How to Become a Scale Bender

For awhile I've been toying with the idea of calling myself a scale bender, someone who lives in the cracks between the piano keys. All of the music compositions referenced here can be found on eileensauer.com

In 1997, after spending three years of blood, sweat and tears writing Peripathetique, I was annoyed when this muse in my brain said: "what an epic effort, but what I'm looking for is richer and less jarring". I remember yelling at the sky: “could you please be a little more specific?!” 

In 2012 when I wrote Peisinoe, this was the first time I started to get this “richer and less jarring” sound I was looking for, and my high school chorale director mentioned I do a lot of C / C# business all over the place. So not an octave, but a half step lower or higher. I remember I agreed with him completely, and I was also disappointed thinking: "is that what I spent 30 years trying to achieve, and that’s all that I’m doing?!" I thought there had to be more to it but I couldn’t figure it out. It turns out I was right. While my chorale director was right about the C / C# business, his explanation was incomplete and I couldn’t “get” what was going on until in 2016 my professor at Juilliard said this about the second half of Pandora’s Box (Thelxiepeia’s Revenge):

The manipulation of harmony is very skillful in your piece, and very impressive. I think I know what you mean by sound bending, and it’s a kind of manipulation of harmonic expectation where the harmonies themselves are fairly clear but their relationship to each other is ambiguous and full of instability. It’s fun! Brava!

I think between the “C/C# business” and the above quote, I can now begin to explain what is going on in my compositions, and how to achieve a similar effect.

Take a look at the music below, specifically bars 31 and 32 (the two last bars).

Now, what would “normal” sound like?

Normal in bar 31 would be: D♭, E, A♭, B♭ (which it is)

And then the right hand would also be playing D♭, E, A♭, B♭. 

Actually play this on a piano, and listen to it. It’s harmonious, right? And both right and left hand are doing the same thing.

But now look at the music: what is going on with the last four notes in bar 31? D♭, E, A♭… but now C and E♭.

In other words, I started with D♭ (or C#) and the last note is C♮, so there is the C / C# thing my chorale director was talking about, which would normally be a bit jarring. And the second note was E♮ but by the start of bar 31 it’s now an E♭. And I think this is what my Juilliard professor saw:

1. That I take a perfectly normal, harmonious base: D♭, E, A♭, B♭.

2. But I layer this slightly off-kilter C and E♭ up top, bending the scale down half a step. So now play the notes in bar 31, plus the E♭ in bar 32. Can you hear the difference?

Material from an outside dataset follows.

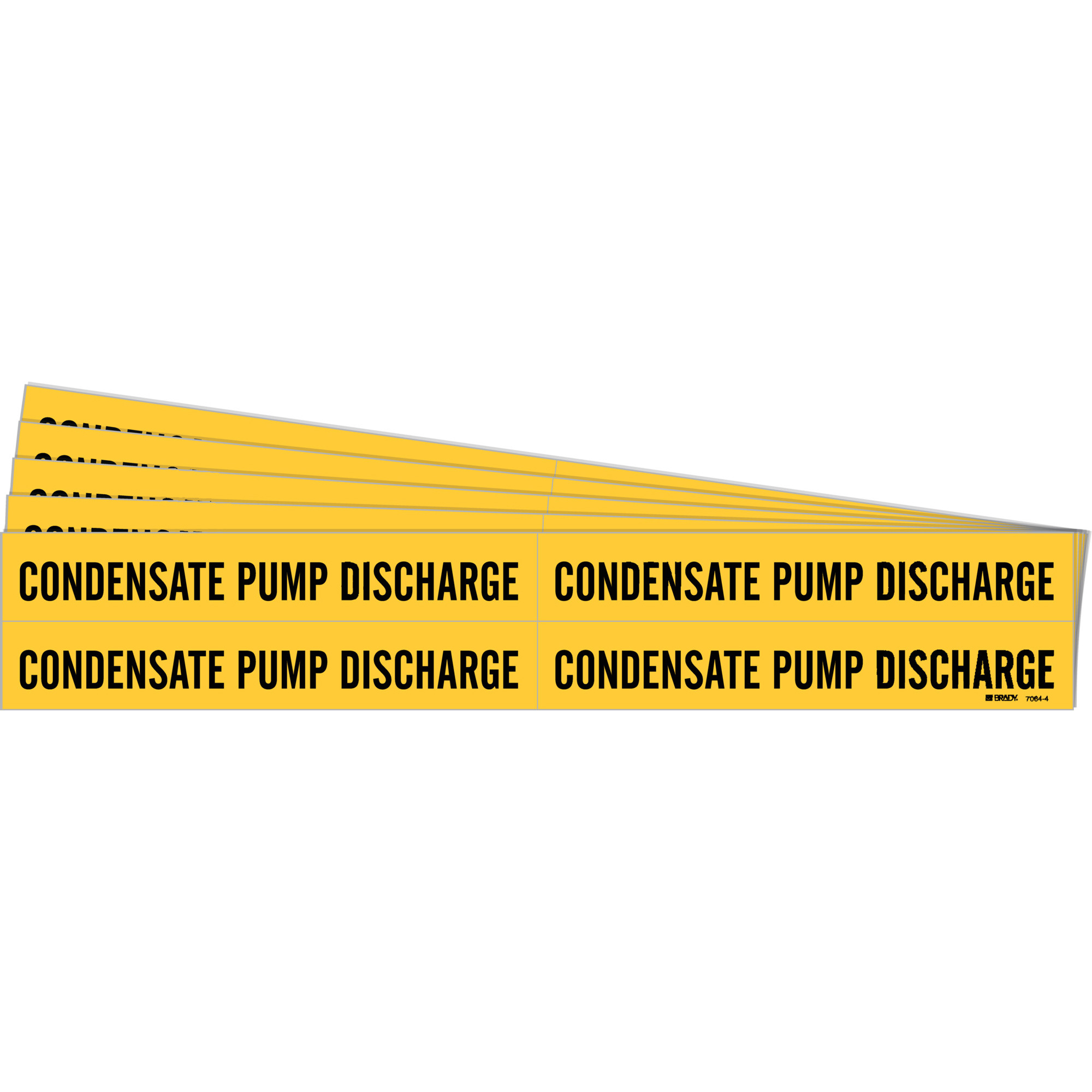 Marqueurs de tuyau «Condensate Pump Discharge», Autocollant, 1-1/8" h x 7" la, Noir sur jaune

And that is scale bending. =)

On top of that, you know the first four notes are harmonious. The next four alone are also harmonious. And if you move one note over and play E♮, A♭, C, E♭ - that is also harmonious. So each of the chunks are harmonious, but string them all together where the last two notes bend down, and now it’s slightly off-kilter. It’s not “normal” and stable anymore. But it still works because it is composed of harmonious chunks that don’t quite fit at the edges when put together.

I bet once people know this anyone can become a scale bender. If the sound gets richer and richer, it’s because there are multiple notes where you’ll find this C / C# business happening. Like above, with E♭ and E♮. In Pandora’s Box, the separate harmonics in the right and left hand are harmonious, but have almost nothing to do with each other when you put them together. Yet it works, without being so jarring. And I think that’s what my Juilliard professor saw.

The downside with doing this, is that many times I will throw up my hands in disgust as I try to figure out how to notate the sheet music properly. I've killed key signatures and went with C major, adding all accidentals in. As one Juilliard classmate moaned: "it's like the accidentals had a love fest and there was a population explosion..."

While that sounds problematic, I discovered "fixing" it from a theory standpoint may clean things up, but then you'll start to see double sharps and double flats popping up. And that makes the performers squawk. I had one Juilliard-trained piano veteran say: why did you change that? There was nothing wrong with what you had before. My husband asked what that funny looking x was, and when I told him it was a double sharp he freaked out (as someone who once played bass clarinet in a big band during his childhood). He asked: why do you want to make me think?! This is why whiteout still exists, so performers can correct @(#*$ like this.

Once I got this feedback, I bagged any idea of making things correct from a music theory standpoint. I'll leave this as an exercise to music theory professors for generations to come, who would like to torture their music theory classes on what would be the "best" way to notate wildly polytonal music.

I'll leave off with one last brain bender. I think this is the tip of the iceberg. While the above example bends two notes down half a step, I still consider this to be a single degree of scale bending. When you do this, double sharps and flats will pop up. I think it May be possible to do several degrees of scale bending, bending it down half a step several times. If I understand this correctly, then you would need triple sharps / flats, quadruple sharps / flats, etc. Soak on that one.